If I were an outsider looking in, I would wonder who or what is this evil government thing.
Government, like our democratic republic, is a concept conceived and made manifest by the people. It gives structure to an agreement about how we will manage the public space or work collectively to accomplish together what we may not be able to accomplish alone.
Why, then, do we feel the need to decry the government as malicious and those who work for it as soulless aliens? They are wives and husbands, daughters and sons, brothers and sisters, neighbors and military veterans. Criticizing people simply because they serve as members of a governing entity you do not support does nothing to benefit our society — yet such criticism and dehumanization runs rampant.
Those who criticize government say, “I don’t need any help — I can do it by myself. The government just gets in the way.” Then those people leave their houses, get in their cars and drive down the government-funded highway without thinking about the fact they certainly could not have built that road alone. Unless they home-school their children in the truest sense, the critics send them to a public school that receives government funding.
If they opt for a private school, chances are it’s not necessarily privately funded. Rather, it’s co-funded by agreement of several individuals or families — just as the government was founded by agreement of its citizens. In fact, public schools were created and funded by agreement as well.
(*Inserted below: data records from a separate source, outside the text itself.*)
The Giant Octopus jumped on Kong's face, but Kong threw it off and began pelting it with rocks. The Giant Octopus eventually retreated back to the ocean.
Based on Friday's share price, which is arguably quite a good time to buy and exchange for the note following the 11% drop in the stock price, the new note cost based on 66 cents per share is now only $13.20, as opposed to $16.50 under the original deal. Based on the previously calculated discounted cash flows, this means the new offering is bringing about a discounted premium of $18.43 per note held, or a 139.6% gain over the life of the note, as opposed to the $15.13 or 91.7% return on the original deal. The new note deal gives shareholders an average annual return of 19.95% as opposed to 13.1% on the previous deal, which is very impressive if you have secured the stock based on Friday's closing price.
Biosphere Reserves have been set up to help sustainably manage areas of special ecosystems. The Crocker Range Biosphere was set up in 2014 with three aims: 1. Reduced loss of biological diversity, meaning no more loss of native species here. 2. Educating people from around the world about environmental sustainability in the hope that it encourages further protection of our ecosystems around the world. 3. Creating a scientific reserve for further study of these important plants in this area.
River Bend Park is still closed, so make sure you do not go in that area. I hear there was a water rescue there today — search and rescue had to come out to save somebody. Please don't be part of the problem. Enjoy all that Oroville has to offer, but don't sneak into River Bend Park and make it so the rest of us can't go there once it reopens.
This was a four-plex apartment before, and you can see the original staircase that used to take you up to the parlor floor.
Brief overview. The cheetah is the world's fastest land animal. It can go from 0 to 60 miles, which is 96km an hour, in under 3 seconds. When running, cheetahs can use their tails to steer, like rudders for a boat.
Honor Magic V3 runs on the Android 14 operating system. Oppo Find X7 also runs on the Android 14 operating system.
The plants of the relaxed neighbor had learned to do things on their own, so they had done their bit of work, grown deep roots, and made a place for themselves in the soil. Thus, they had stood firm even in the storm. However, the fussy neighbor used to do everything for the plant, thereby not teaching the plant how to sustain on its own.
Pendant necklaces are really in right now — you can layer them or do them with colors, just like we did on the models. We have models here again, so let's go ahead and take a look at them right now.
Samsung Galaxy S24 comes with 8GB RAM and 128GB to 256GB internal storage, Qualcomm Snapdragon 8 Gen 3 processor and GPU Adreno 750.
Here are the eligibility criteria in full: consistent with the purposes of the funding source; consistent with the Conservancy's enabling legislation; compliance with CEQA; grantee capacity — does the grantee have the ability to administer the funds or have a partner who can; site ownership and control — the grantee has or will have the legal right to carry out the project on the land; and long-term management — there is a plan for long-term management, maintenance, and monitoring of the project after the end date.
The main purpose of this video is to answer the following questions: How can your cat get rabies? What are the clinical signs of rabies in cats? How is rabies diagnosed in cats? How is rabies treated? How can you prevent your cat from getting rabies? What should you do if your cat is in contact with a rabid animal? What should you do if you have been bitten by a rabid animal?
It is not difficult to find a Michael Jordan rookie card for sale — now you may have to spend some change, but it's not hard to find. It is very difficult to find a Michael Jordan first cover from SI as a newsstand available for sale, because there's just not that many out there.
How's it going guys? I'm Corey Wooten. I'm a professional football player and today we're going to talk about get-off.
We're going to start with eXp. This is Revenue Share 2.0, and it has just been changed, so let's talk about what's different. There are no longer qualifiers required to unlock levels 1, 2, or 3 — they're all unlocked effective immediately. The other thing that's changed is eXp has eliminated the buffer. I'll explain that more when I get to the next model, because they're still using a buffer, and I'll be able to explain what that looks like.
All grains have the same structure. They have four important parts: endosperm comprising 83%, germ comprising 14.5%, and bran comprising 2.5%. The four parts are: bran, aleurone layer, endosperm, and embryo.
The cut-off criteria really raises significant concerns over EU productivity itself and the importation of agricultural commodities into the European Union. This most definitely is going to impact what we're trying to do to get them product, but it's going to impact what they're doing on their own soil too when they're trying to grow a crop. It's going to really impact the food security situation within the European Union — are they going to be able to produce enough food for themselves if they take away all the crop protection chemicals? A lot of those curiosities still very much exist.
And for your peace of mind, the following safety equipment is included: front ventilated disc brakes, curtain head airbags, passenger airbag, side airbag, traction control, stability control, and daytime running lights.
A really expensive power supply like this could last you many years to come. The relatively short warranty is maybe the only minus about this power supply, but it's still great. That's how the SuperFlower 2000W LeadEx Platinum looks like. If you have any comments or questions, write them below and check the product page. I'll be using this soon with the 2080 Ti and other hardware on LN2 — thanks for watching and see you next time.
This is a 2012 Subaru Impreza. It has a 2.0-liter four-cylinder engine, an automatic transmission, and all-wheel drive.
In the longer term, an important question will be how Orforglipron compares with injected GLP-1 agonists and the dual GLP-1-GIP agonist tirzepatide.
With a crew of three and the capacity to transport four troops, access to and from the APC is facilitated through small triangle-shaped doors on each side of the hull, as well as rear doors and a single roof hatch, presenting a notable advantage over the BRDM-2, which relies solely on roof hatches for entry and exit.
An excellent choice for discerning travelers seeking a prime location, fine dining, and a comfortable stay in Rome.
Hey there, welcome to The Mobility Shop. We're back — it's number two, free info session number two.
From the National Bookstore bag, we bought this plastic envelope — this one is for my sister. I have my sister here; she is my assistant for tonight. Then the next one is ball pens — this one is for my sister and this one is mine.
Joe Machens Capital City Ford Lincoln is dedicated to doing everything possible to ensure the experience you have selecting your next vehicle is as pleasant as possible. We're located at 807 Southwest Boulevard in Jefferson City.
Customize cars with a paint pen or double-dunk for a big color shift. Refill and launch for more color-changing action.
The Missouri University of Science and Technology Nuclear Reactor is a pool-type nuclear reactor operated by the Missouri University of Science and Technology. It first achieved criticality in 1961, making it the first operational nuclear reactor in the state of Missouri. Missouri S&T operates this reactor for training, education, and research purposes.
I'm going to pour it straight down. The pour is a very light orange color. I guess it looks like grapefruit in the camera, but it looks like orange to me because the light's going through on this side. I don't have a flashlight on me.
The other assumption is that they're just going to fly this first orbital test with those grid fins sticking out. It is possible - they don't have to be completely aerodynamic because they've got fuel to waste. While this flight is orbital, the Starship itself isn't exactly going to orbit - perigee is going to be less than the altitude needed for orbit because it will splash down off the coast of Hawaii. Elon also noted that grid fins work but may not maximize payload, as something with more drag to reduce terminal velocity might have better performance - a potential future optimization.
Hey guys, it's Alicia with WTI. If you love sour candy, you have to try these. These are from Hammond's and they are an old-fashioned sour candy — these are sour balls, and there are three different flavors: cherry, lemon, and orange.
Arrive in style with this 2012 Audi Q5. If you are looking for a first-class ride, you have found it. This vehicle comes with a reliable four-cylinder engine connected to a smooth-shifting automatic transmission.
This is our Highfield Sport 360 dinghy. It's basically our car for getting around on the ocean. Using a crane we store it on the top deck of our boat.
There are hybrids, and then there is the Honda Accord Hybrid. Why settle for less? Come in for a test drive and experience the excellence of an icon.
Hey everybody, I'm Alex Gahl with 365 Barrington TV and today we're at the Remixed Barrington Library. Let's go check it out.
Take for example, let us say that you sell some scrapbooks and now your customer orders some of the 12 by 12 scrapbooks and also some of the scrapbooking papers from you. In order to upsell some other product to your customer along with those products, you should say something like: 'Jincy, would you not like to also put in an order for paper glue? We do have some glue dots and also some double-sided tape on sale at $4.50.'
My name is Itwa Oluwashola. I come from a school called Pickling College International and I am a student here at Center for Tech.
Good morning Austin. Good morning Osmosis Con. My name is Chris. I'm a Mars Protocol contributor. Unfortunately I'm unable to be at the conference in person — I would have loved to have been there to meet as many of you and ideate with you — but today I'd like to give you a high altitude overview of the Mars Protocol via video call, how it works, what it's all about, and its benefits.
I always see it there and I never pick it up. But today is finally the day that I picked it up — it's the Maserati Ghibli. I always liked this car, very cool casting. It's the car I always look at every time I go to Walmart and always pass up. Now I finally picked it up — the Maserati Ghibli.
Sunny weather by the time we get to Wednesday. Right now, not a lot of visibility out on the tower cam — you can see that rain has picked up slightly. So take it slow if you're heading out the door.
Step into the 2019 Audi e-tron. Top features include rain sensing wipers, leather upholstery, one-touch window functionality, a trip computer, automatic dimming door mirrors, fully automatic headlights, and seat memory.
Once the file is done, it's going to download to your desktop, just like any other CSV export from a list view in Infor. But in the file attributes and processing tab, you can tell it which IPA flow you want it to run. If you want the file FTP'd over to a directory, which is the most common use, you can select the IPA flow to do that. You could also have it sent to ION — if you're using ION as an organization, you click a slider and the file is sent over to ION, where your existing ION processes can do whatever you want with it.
Citizens agreed to tax themselves, through an agreed-upon process, to support schools for the children of their community.
Certainly, entrepreneurial spirit, individual effort and discipline are not discounted to any degree. Our country was founded on those ideals. However, we need to cease some of the negative political rhetoric and clean up the social space we share and make it safer and more wholesome for our children and grandchildren — our posterity.
I mentioned in my previous column how difficult it is to do the work we need to do when we are met with constant criticism about what some consider the deplorable state of our public school system. In his book, The Fifth Discipline, Peter Senge describes these dispositions, or mental models, as “[d]eeply ingrained assumptions, generalizations, or even pictures and images that influence how we understand the world and how we take action.”
Perhaps we all should pause and examine our dispositions about what it means to be a citizen of this republic. Those who oppose government and those who support it talk quite a bit about the U.S. Constitution, signed more than 200 years ago by delegates to the Constitutional Convention in Philadelphia. For the people of the United States to secure its posterity and the blessing of liberty, to promote the general welfare, to provide for the common defense, to ensure domestic tranquility and to form a more perfect union, it takes we the people — all the people.
Without some common experiences like those typically provided in public schools, can we remain “we the people”? Can we remain “one nation, under God, indivisible”? Join me in the conversation on Twitter at #tellyourstory.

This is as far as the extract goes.